* _Task requirements_: Pictures do not belong in the copy. Write out exactly the lines from the one containing "愛扳手?jǐn)?shù)據(jù)最新版下載" through the end of the data.

* _Material provided_:
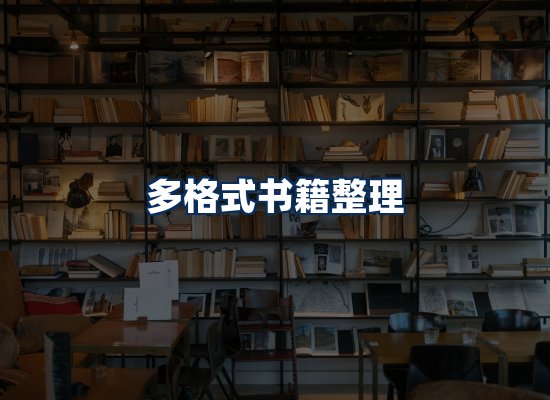 专业内容整理团队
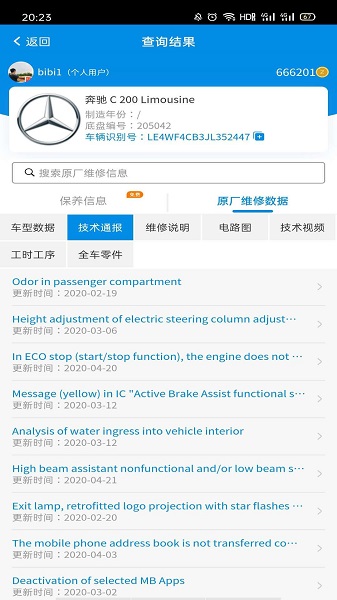 愛扳手?jǐn)?shù)據(jù)最新版下載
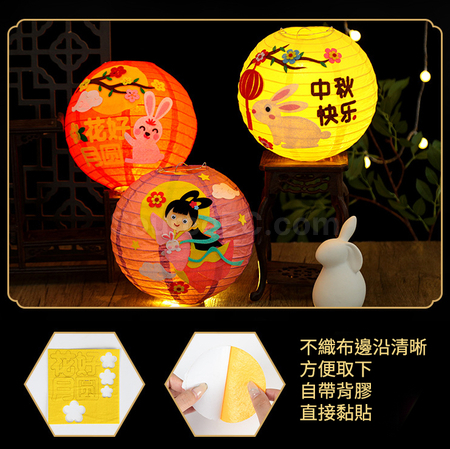 Customization DIY Lantern Promotional Products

* _Answer to this task_:
 愛扳手?jǐn)?shù)據(jù)最新版下載
 Customization DIY Lantern Promotional Products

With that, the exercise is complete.